Your task: Copy out the listing in full, exactly as written, but not its pictures.

Supplied data:
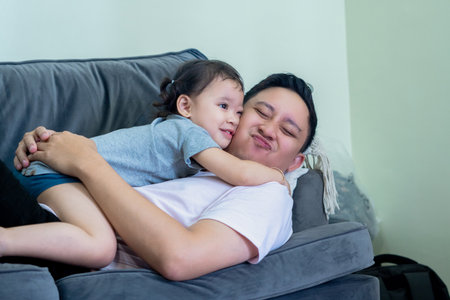 Asian man lying on sofa in living room with little girl on top, both smiling, father and daughter...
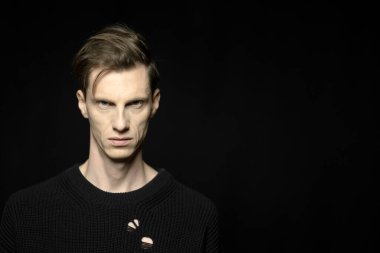 Siyah arka planda poz veren yakışıklı genç adamın yakın plan portresi..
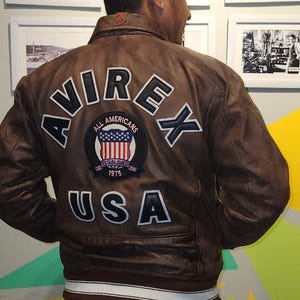 May include: Brown leather jacket with the word "AVIREX" across the back in white lettering. Below the word "AVIREX" is a patch with the words "ALL AMERICANS" and "ESTABLISHED 1975" with a USA flag design. The word "USA" is below the patch.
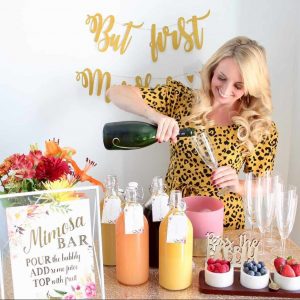 Woman pouring champagne into glass at a mimosa bar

Response area:
 Asian man lying on sofa in living room with little girl on top, both smiling, father and daughter...
 Siyah arka planda poz veren yakışıklı genç adamın yakın plan portresi..
 May include: Brown leather jacket with the word "AVIREX" across the back in white lettering. Below the word "AVIREX" is a patch with the words "ALL AMERICANS" and "ESTABLISHED 1975" with a USA flag design. The word "USA" is below the patch.
 Woman pouring champagne into glass at a mimosa bar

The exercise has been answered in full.